Through years of continuous tracking, and through building our BrandZ database, we’ve built an unrivalled understanding of how brands work. From this understanding, we’ve developed the Meaningfully Different Framework to help brands create financial value and growth.
We have found that the capacity of a brand to deliver volume share and justify a higher price point is dependent on how meaningful, different and salient the brand is to consumers.
Meaningful: Consumers feel an affinity for a strong brand or think it meets their needs, so a combination of emotional and rational resonance.
Different: A strong brand either feels different from other brands or sets the trends for the category. For example a category leader brand may not feel especially different to other brands because, as the leader, for many consumers it defines the category, but it is perceived to be setting trends and this sense of dynamism sets it apart from others.
Salient: A strong brand comes to mind quickly and easily when consumers are making category choices. It’s all very well having a brand that is meaningfully different, but if it’s not properly amplified and communicated, then a brand cannot hope to reach its full potential.
At Colmar Brunton we use survey-based measures of consumer predisposition, how Meaningful, Different and Salient brands are, and combine these to give overall metrics of brand equity that tie directly to commercial outcomes.
Power is our lead equity metric. It measures people’s predisposition to buy the brand and so tells us the volume share that the brand is contributing to the business.
Premium measures people’s predisposition to pay extra for the brand and so tells us what the brand is doing to justify its price point.
Finally, we also have a forward-looking metric Potential, which tells us how consumer relationships with the brand are helping to prime future success.

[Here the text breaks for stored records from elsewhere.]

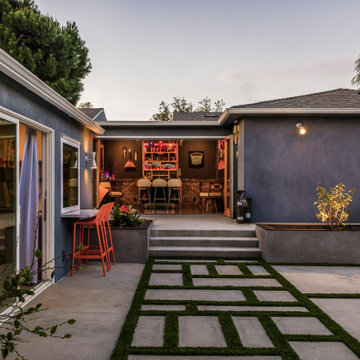 Tropical Modernism - ADU, Backyard remodel and an Addition in Burbank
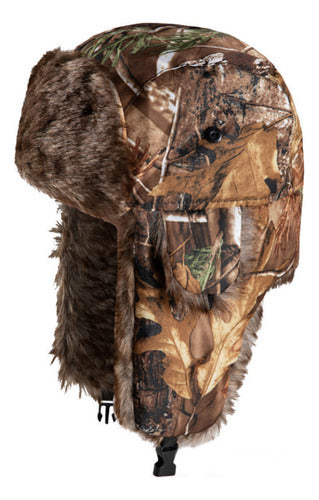 Gorro Invierno Ruso Unisex Calido Termico Camuflado Norplat Verdemarrón M
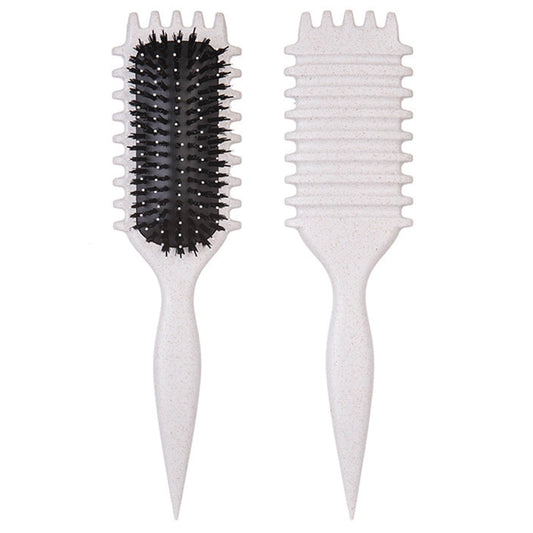 Curl Defining Brush-Curly Hair Brush Define Styling Brush for Curly Hair,Curl Brush for Curly Hair Wet,Shaping & Defining Curls for Women (Off-White)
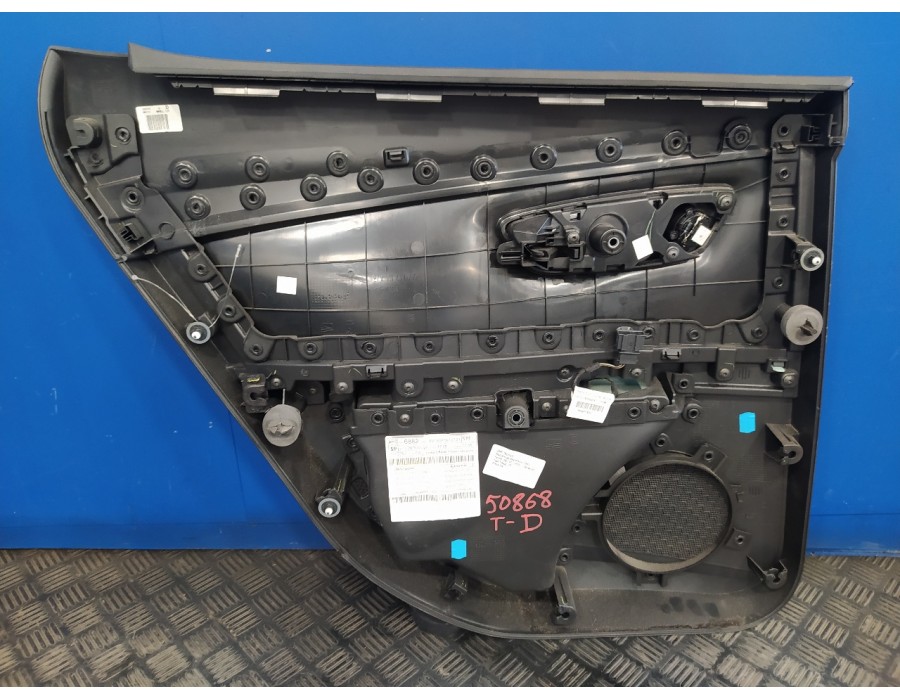 Recambio de guarnecido puerta trasera derecha para seat leon (5f1) 1.6 tdi referencia OEM IAM 5F4867116A W05F4867228A W05F486721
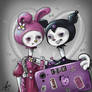 MyMelody and Kuromi 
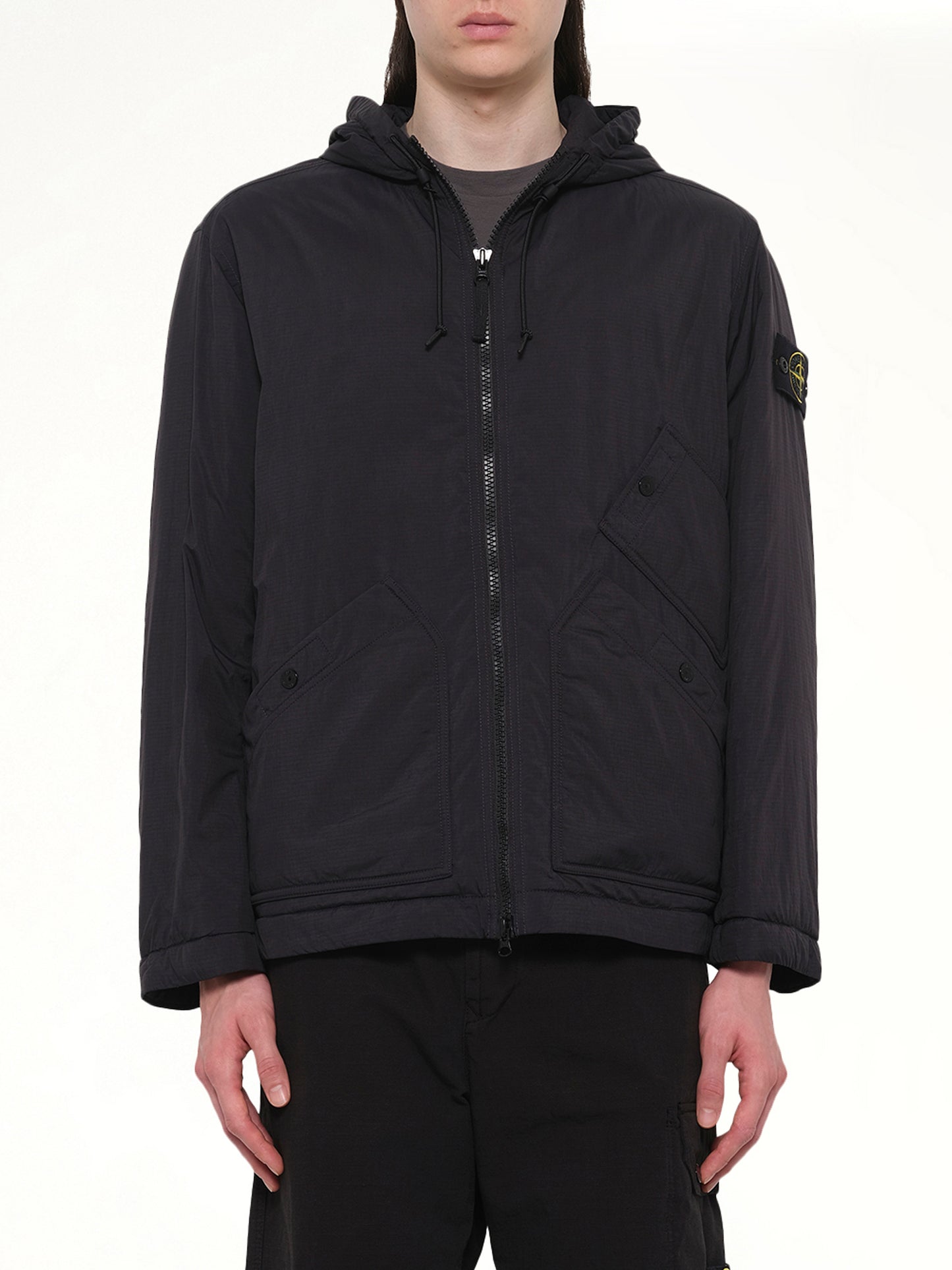 4100018 Ripstop Short Parka in Black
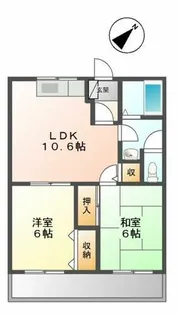 ユーハイム広徳【2階】の間取り
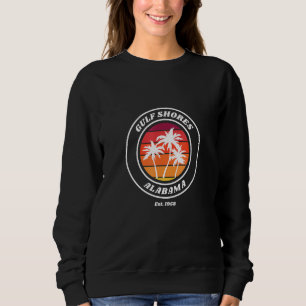 Sweatshirt Amusants Gulf Shores Alabama Beach Sunset Novelty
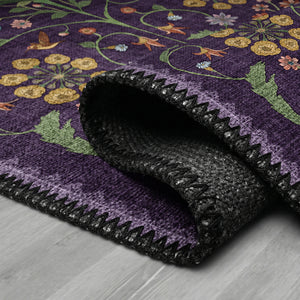 Purple Bloom Area Rug
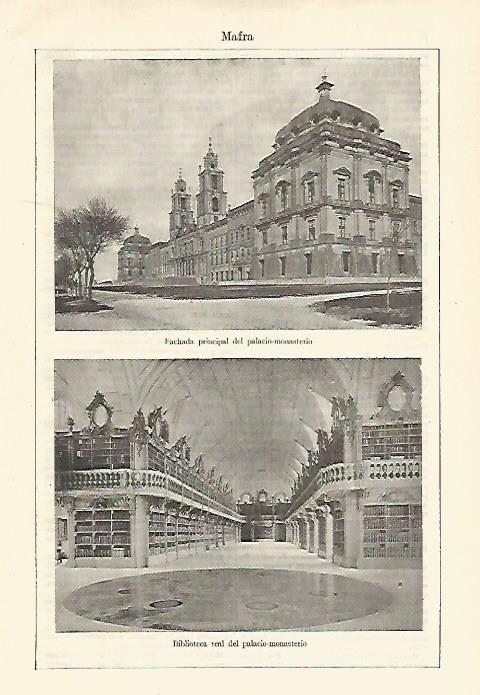 LAMINA ESPASA 18486: Palacio Monasterio de Mafra Portugal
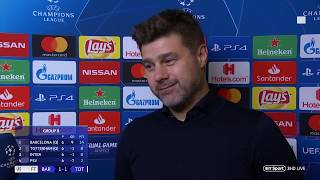 "In football nothing is impossible" Pochettino reacts to Spurs progressing after Barcelona draw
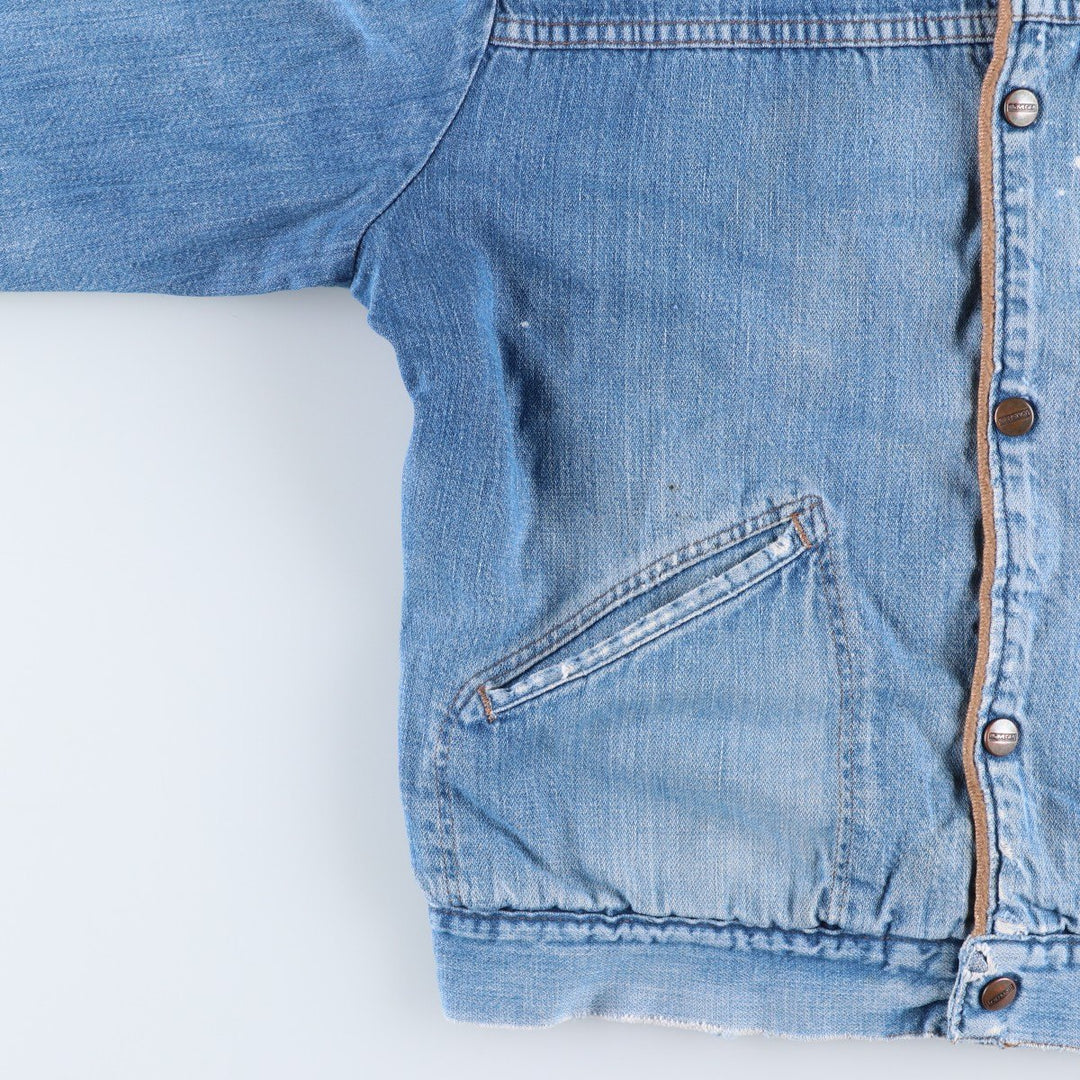 Vintage 1970'S Maverick denim jacket, made in the USA, size M, men's. unclear blue type Vintage Second Hand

We know that being Different is particularly important if you want your brand to justify a price premium; why would people pay more for your brand if they can get the same thing cheaper elsewhere? In contrast, being Salient rarely plays a big part in justifying a price premium (people don’t pay more for a brand just because it pops into their head), but simply being prominent in the mind can be can be the sole reason why people choose a brand.
All three (Power, Premium and Potential) are validated to in-market results. Brands that have high Power have been proven to generate five times the volume share of brands that have low power. Brands that have high Premium can charge 13% more, and having high Potential makes a brand 4 times more likely to grow.
We also go beyond brand pre-disposition or equity to understand what happens in-market – what are the brand’s facilitators and barriers, and how do these link to a brand’s financial performance.